Draw the free body diagram in the non-tilted position. What is the acceleration?

gionole said:
It's not hard to be honest and drawing free-body diagram is easy.
Then why didn’t you do that? FYI, it is kind of rude to ask people to answer 50 posts and then say “it’s easy”. Please start your next question with your best personal effort, particularly when the important part is easy for you.
 
  • #50
Dale said:
Draw the free body diagram in the non-tilted position. What is the acceleration?

Then why didn’t you do that? FYI, it is kind of rude to ask people to answer 50 posts and then say “it’s easy”. Please start your next question with your best personal effort, particularly when the important part is easy for you.
Well, Dale, you misunderstood my part.
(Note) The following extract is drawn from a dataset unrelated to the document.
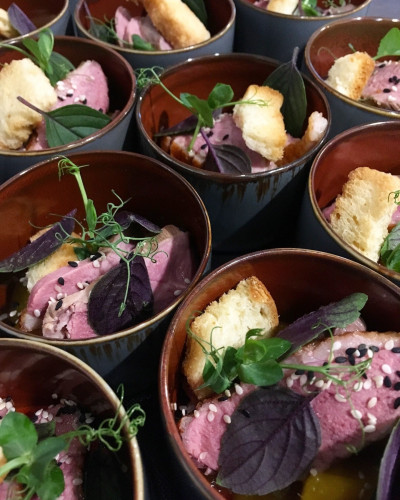 Buffet served in several bowls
The easy part I meant was about free body diagram. I drew it before even I asked the question, but the hardship I had was somehow I couldn't make myself sure why acceleration in car frame of the ball was 0 and everything just added it up to this and I couldn't even distinguish what i understood and what not.

I don't think anything that I have done is rude. The physics sometimes is a play of words and once I understood all words in a good way, then I finally understood. Drawing free body diagram is again easy for this problem and I needed all of your help regarding the mixed up things in my head which you all guys solved it and I now get it.